Word for word, print out all of the data, omitting every image.

Dataset entries:
--- START ---
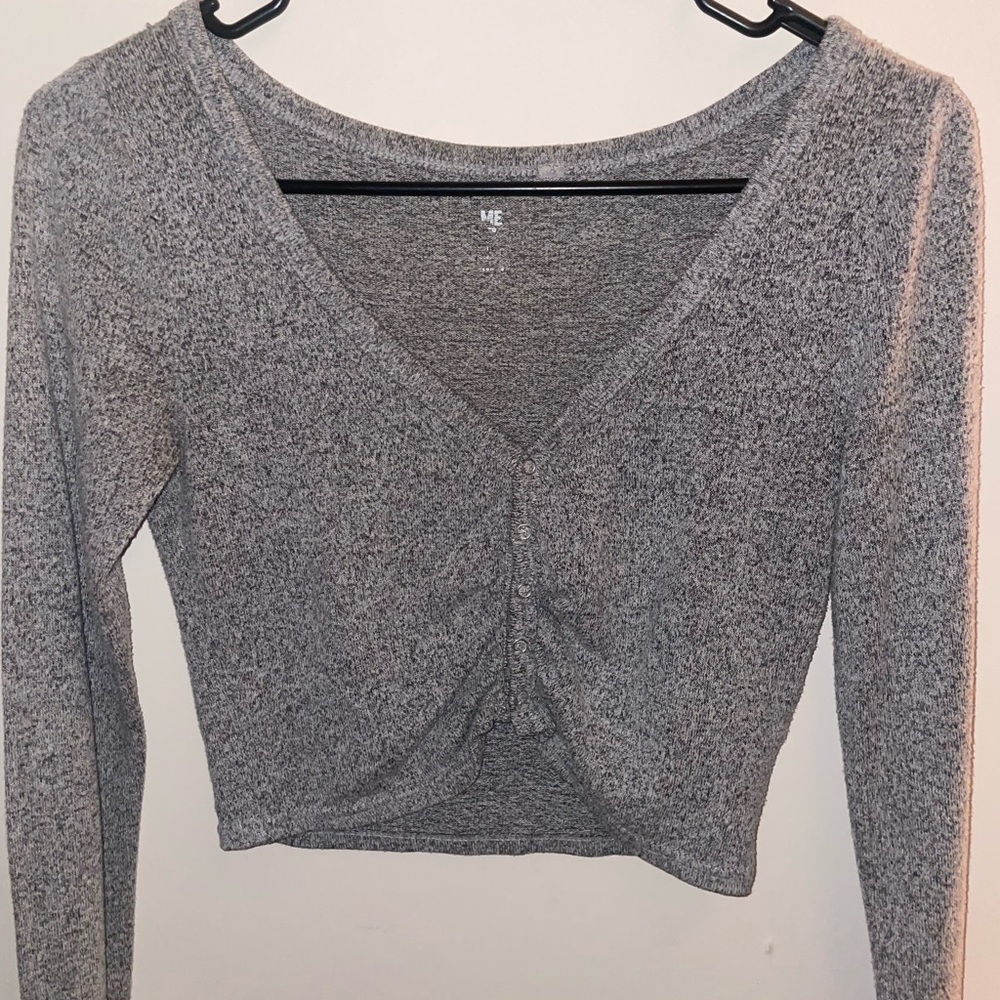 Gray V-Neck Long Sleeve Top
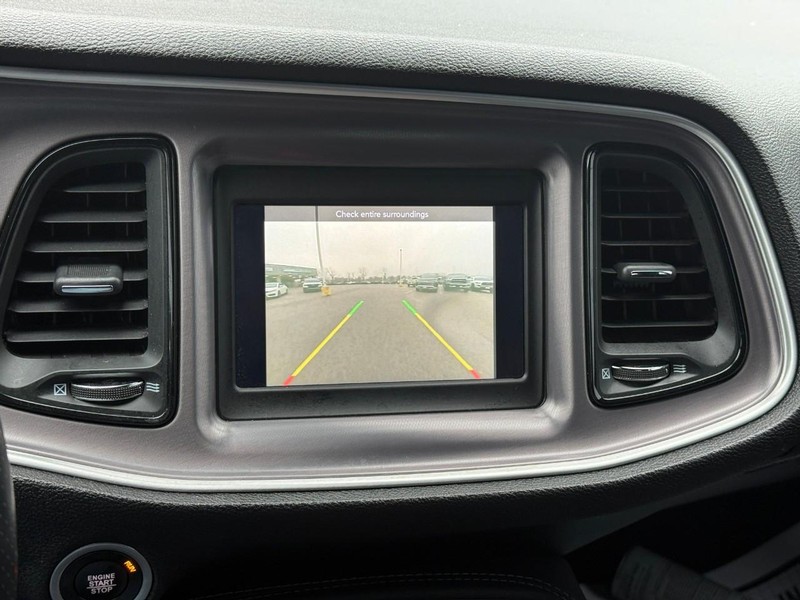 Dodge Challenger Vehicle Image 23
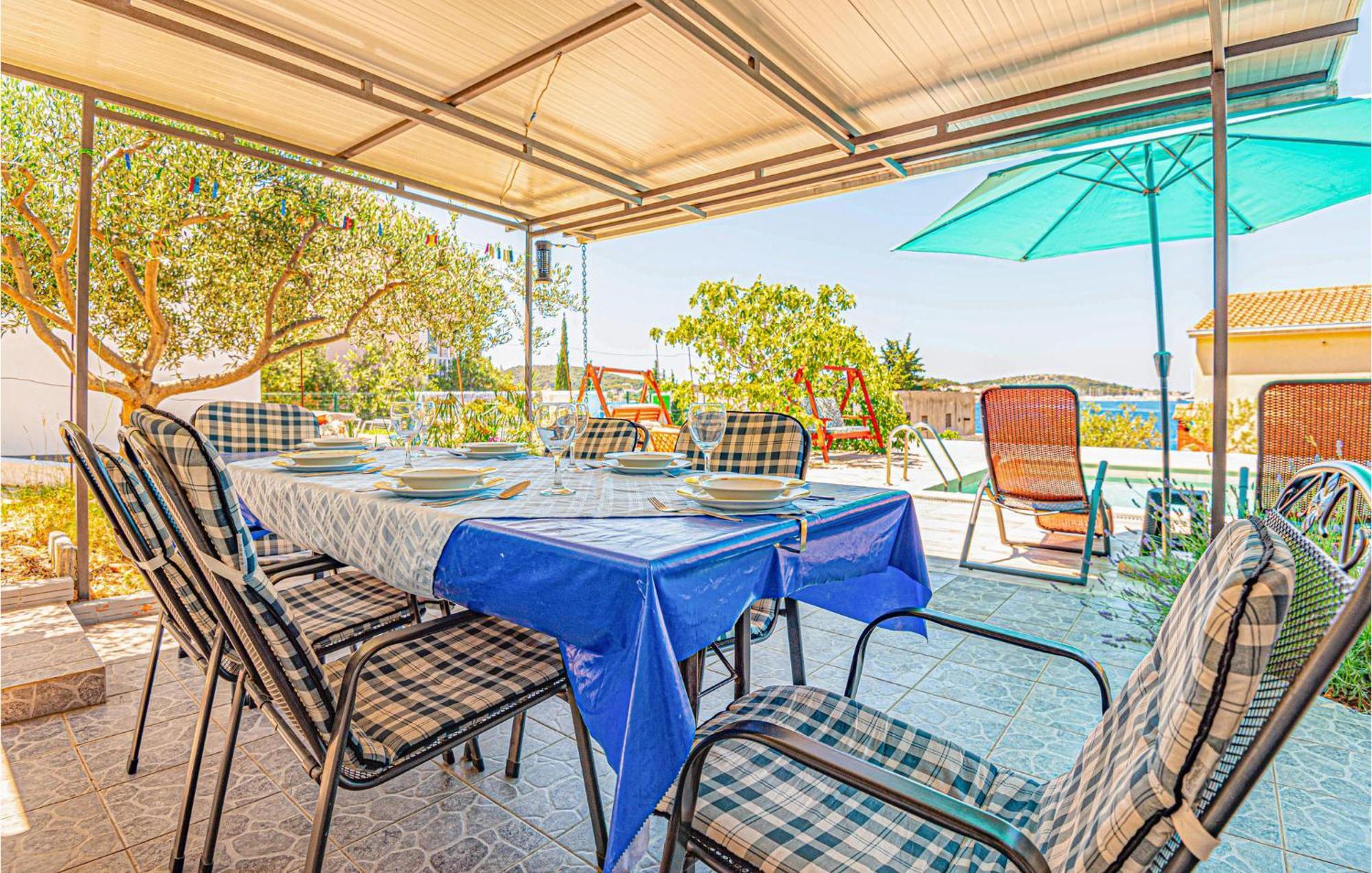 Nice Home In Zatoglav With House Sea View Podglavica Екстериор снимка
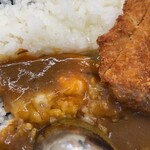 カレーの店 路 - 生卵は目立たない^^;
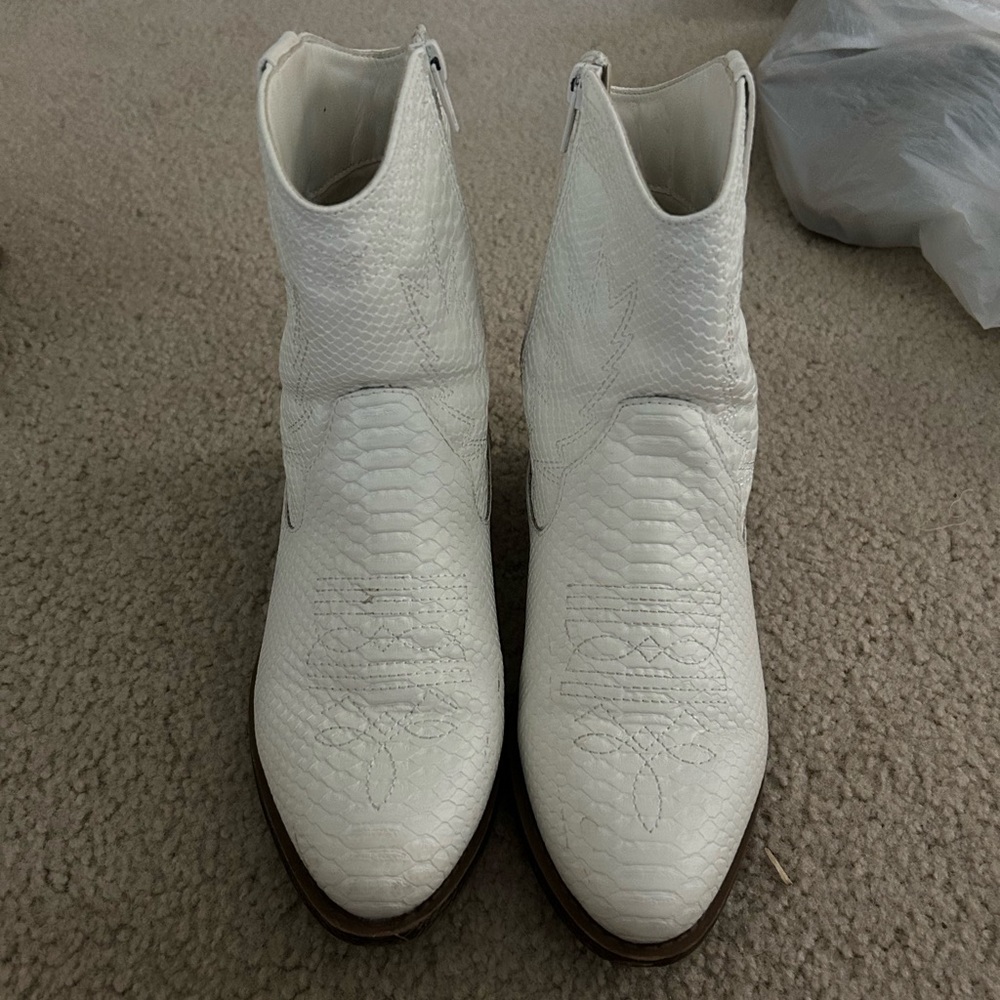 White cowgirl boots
--- END ---
**YOUR SOLUTION:**
 Gray V-Neck Long Sleeve Top
 Dodge Challenger Vehicle Image 23
 Nice Home In Zatoglav With House Sea View Podglavica Екстериор снимка
 カレーの店 路 - 生卵は目立たない^^;
 White cowgirl boots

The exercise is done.